How, this dissertation asks, did stakeholders in the mine work together to create the complex social, economic, and political circumstances required to keep a large-scale mechanized gold mine operative in a remote geographical area? Just as mineral resources are ‘feasible’ if they meet complex logistical and financial requirements, this dissertation argues that Ipili identity itself has also been made ‘feasible’. On the one hand, representations of Ipili people and life in Porgera have been created and circulate in such a way that the moral and legal requirements of Ipili assent to the mine’s presence are met. On the other hand, the creation of these representations has, unexpectedly, given Ipili true agency to pursue their own agenda at a national level – they have become ‘feasible’ (in the sense of efficacious) political actors in the national level, and have become some of the most successful indigenous people in the world at extracting concessions from industry and government. In sum, the goal of the dissertation is to tie a semiotic account of the creation of representations of ‘local’ and ‘global’ actors to a political-economic account of power politics within a contemporary Pacific nation.

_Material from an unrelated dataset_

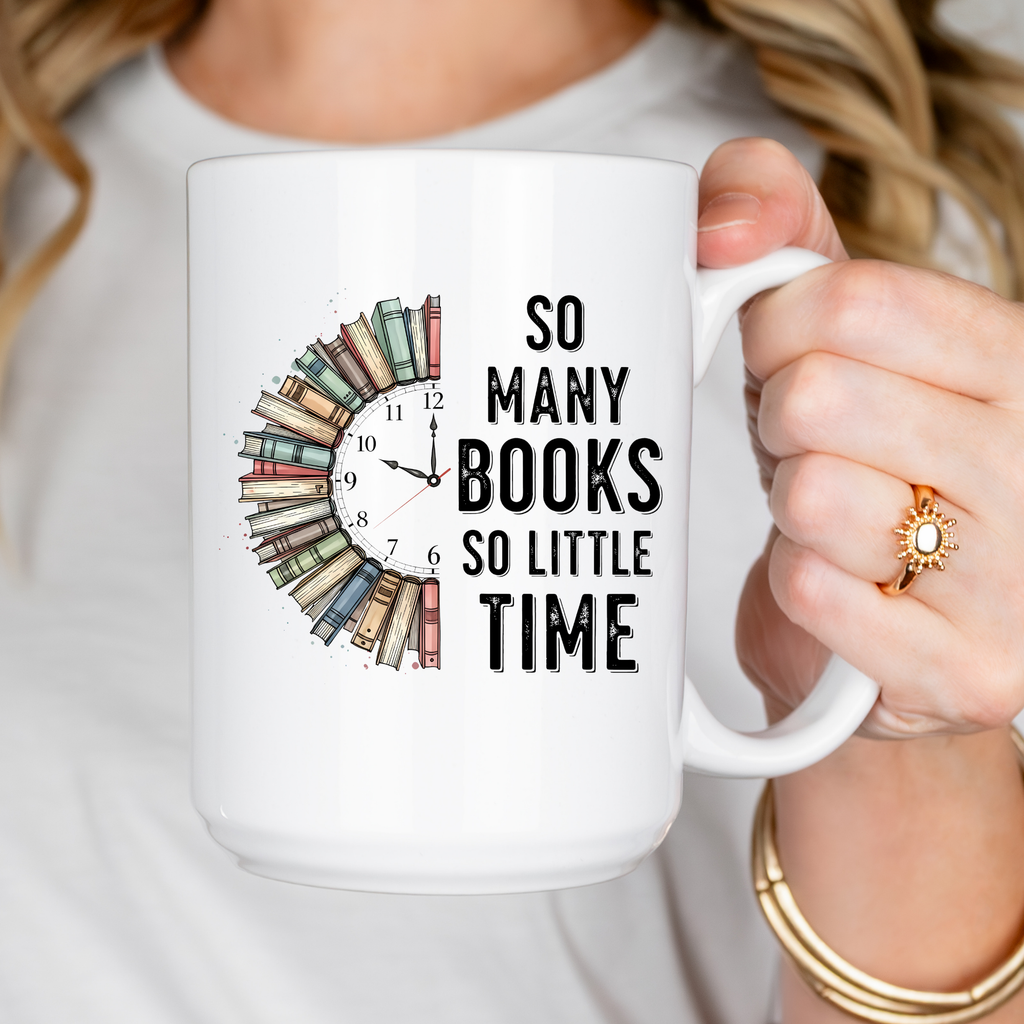 Person holding a mug with a book-themed design and text 'So Many Books So Little Time'.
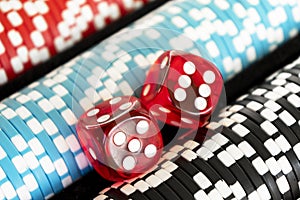 Stack of poker chips with dice rolls isolated background. Poker game concept. Playing a game with dice. Casino Concept for busines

The dissertation is organized in a roughly chronological fashion. The first substantive chapter focuses on the early history of Porgera, and the development of a set of political and institutional arrangements that lead to the creation of the Porgera Gold mine in 1990. The dissertation then goes on to examine the historical consciousness of Ipili people – their own culturally specific understandings of mining, their contact with the outside world, and their role in it. Two chapters then examine how notions of being Ipili circulate. One chapter examines the way that people living in Porgera claim to have local Ipili identity in order to gain access to a variety of goods and services. The next examines how governmental and policy elites in the national capital of Port Moresby imagine ‘traditional Papua New Guinea culture’. The final chapter draws on what has come before to provide a close examination of a prolonged set of negotiations between Ipili leaders and mine representatives. This detailed ethnographic case demonstrates the dynamics of Porgera today and, in doing so, closes the dissertation.
Table of Contents
1. Introduction
Overview of dissertation and its main arguments. Description of the fieldwork site and the problems involved. Discussion of the framework used in the analysis to follow, organized as a series of literature reviews: Language, politics, and performance in the Pacific, indigenous identity and the law, mining and resource issues, the literature on ‘alternate modernities’, the ‘indigenization of modernity’ and globalization
2. The History of Feasibility
A history of the valley focused on the history of the representation of a) the Ipili as an ethnic group and b) the Porgera Intrusive Complex (i.e. the ore body). This is presented as an argument against James Scott’s work on ‘seeing like a state’. A history of how whites have come to know the Ipili.
3. The Original Affluent Society: An Organization of Predatory Expansion
A discussion of Ipili conceptions of whites and their historical consciousness as a recently contacted people. History of millenarianism, Christianity, and mining. A discussion of how Ipili perceive whites – sometimes more accurately than we perceive ourselves. A history of how Porgerans have come to know whites.
4. Being Ipili in Porgera
One of the main chapters of the dissertation, which examines the politics and dynamics of claims to Ipili identities in the Valley today. Case studies will include: personal disputes between Ipili in relocation settlements, claims of damaged land made to mine employees, claims to royalty payments made to the government, and claims to be recognized as ‘leaders’ made in attempts to participate in negotiations.
5. Policy and Ambiguity
An analysis of how local landowners are viewed in Port Moresby. Government legislation and policy. How white and coastal industry executives imagine ‘traditional land tenure’. A discussion of the history of anthropological approaches to residence and descent and how these apply to policy. A discussion of how, in light of the rest of the dissertation, the assumptions used in decisions at the national level are not only inaccurate but dysfunctional.
6. The Yakatabari Negotiations
This final section tracks an 18-month long negotiation between Mine employees and Ipili leaders. This detailed case study will employ the material that has come before in the chapter in order to provide a concrete example of the fundamental issues of the dissertation as they played out in one particular situation.
7. Conclusion
Discussion of main themes of the dissertation and recapitulation of its arguments.